Single by Asking Alexandria

from the album Asking Alexandria
- Released: 21 September 2017
- Recorded: 2017
- Studio: Good Sounds Studio, Tempe, Arizona, U.S.
- Genre: Alternative metal, hard rock, metalcore
- Length: 3:57
- Label: Sumerian
- Songwriters: Danny Worsnop; Ben Bruce; James Cassells; Matt Good;
- Producer: Matt Good

Asking Alexandria singles chronology
| "Here I Am" (2016) | "Into the Fire" (2017) | "Where Did It Go?" (2017) |

= Into the Fire (Asking Alexandria song) =

"Into the Fire" is a song by English rock band Asking Alexandria. It is the band's first single off of their self-titled fifth studio album, and to feature lead vocalist Danny Worsnop since his departure in 2015. He returned in October 2016, after the departure of former vocalist Denis Stoff. The single was released on 21 September 2017 by the label, Sumerian Records. The song was used in a trailer for the racing game "MX vs. ATV All Out", which was released on 27 March 2018.

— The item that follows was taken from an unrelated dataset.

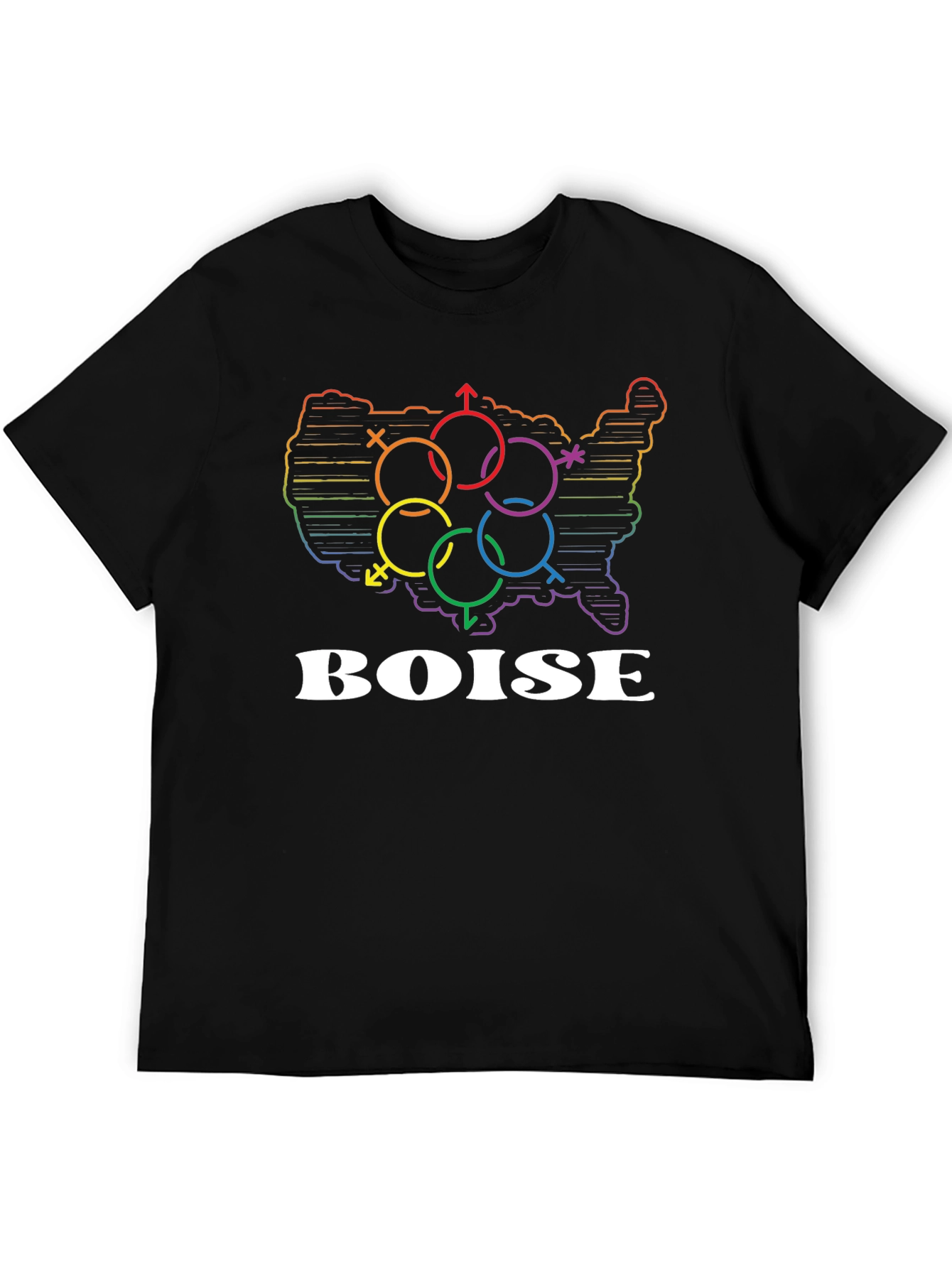LGBTQ+ Boise Pride T-Shirt - Rainbow USA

== Musical style and themes ==
Loudwire described the song as having "punchy, downtuned rhythms and forceful drumming" in the background with Worsnop's clean, melodic singings over the top of it. In addition to the traditional rock elements, synthesized electronic "whoa-oh" sound effects play over parts of the song.

== Track listing ==

Digital download – 1st version, 7"
| No. | Title | Length |
|---|---|---|
| 1. | "Into the Fire" (Album Version) | 3:57 |
| 2. | "Into the Fire" (Radio Edit) | 3:30 |

Digital download – 2nd version
| No. | Title | Length |
|---|---|---|
| 1. | "Into the Fire" | 3:57 |
| 2. | "Into the Fire" (Acoustic Version) | 3:28 |
| 3. | "Into the Fire" (Radio Edit) | 3:30 |

== Personnel ==
- Danny Worsnop – lead vocals, additional guitar
- Ben Bruce – lead guitar, backing vocals
- Cameron Liddell – rhythm guitar
- Sam Bettley – bass
- James Cassells – drums

==Charts==

| Chart (2017) | Peak position |
|---|---|
| US Mainstream Rock (Billboard) | 13 |
| US Hot Rock & Alternative Songs (Billboard) | 18 |
| US Rock & Alternative Airplay (Billboard) | 43 |

== Certifications ==

| Region | Certification | Certified units/sales |
| United States (RIAA) | Gold | 500,000^{‡} |
^{‡} Sales+streaming figures based on certification alone.